Yeah, we'd match curl functionality, but I am afraid we may be needlessly limiting the size of uploads this way, even though the bar would be set pretty high. We can always investigate this further down the line, though, when the need actually arises. Having some form of file upload for Soup right now is a great win already IMO.
Gustavo Noronha (kov)
Comment 11
2009-01-29 12:13:04 PST
Created
attachment 27154
[details]
updated proposed patch This patch only adds a TODO comment regarding the usage of the accumulate flag. We would have to require a development version of libsoup, so I'd rather wait 'till we are far enough into the future, or have ways of #ifdef'ing the line before adding it. As Dan says, this would improve performance, but not setting it to FALSE doesn't make the code incorrect.
Gustavo Noronha (kov)
Comment 12
2009-01-29 12:22:40 PST
(In reply to
comment #11
)
> This patch only adds a TODO comment regarding the usage of the accumulate flag.

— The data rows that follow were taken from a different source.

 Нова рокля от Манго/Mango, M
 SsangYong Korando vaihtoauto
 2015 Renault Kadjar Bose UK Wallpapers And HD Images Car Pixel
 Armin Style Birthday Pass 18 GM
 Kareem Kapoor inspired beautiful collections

when compared to my previous one, that is =)
Mark Rowe (bdash)
Comment 13
2009-01-30 05:11:29 PST
Comment on
attachment 27154
[details]
updated proposed patch Some brief style comments since I'm not familiar with soup at all.
> +#include <fcntl.h> > +#include <sys/types.h> > +#include <sys/stat.h> > +#include <unistd.h> > + > #include "config.h" > #include "CString.h" > #include "ResourceHandle.h"

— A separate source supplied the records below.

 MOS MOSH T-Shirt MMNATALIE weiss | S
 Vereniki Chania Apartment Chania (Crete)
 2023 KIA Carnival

Per our style guidelines, config.h and ResourceHandle.h should be included first in this file and grouped together, followed by other WebCore headers, then other headers. That is to say that the new includes should be moved down by the exiting gio / libsoup includes, and CString.h moved down into the other WebCore includes.

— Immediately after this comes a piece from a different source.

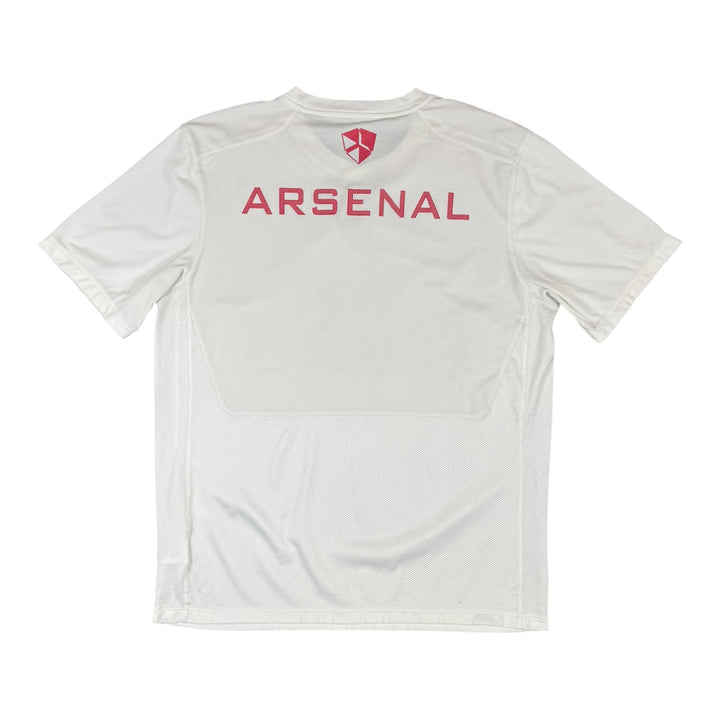 2012-13 Arsenal Player Authentic Training Shirt - 7/10 - (L)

> @@ -58,6 +64,20 @@ enum > ERROR_BAD_NON_HTTP_METHOD > }; > > +struct mapping > +{ > + gpointer ptr; > + gsize length; > +}; > + > +static void > +free_mapping(gpointer data) > +{ > + struct mapping* mapping = (struct mapping*)data; > + munmap (mapping->ptr, mapping->length); > + g_slice_free (struct mapping, mapping); > +} > + > static void cleanupGioOperation(ResourceHandleInternal* handle);
Types should be named with an initial capital letter. The name "mapping" is rather generic and could perhaps better describe what the type represents. The return type and linkage specifier of a function declaration should be on the same line as the rest of the declaration. Function names in WebCore should use camelCase rather than lower_case_with_underscores. The extra "struct" qualifier when referring to the type should be omitted as it is not needed in C++. The type cast should use a C++-style cast rather than a C-style cast.
> + gsize num_elements = httpBody->elements().size(); > +
This should be of type size_t rather than gsize since it is only used to index in to a WebCore type. It should also be named in camelCase.
> + for (gsize count = 0; count < num_elements; count++) {
Should be size_t for the same reason as above. "i" would probably be a more idiomatic name than count.
> + const FormDataElement& element = httpBody->elements()[count]; > + > + if (element.m_type == FormDataElement::data) { > + soup_message_body_append(msg->request_body, SOUP_MEMORY_TEMPORARY, element.m_data.data(), element.m_data.size()); > + } else {
The one-line body of the if should not have {}s around it.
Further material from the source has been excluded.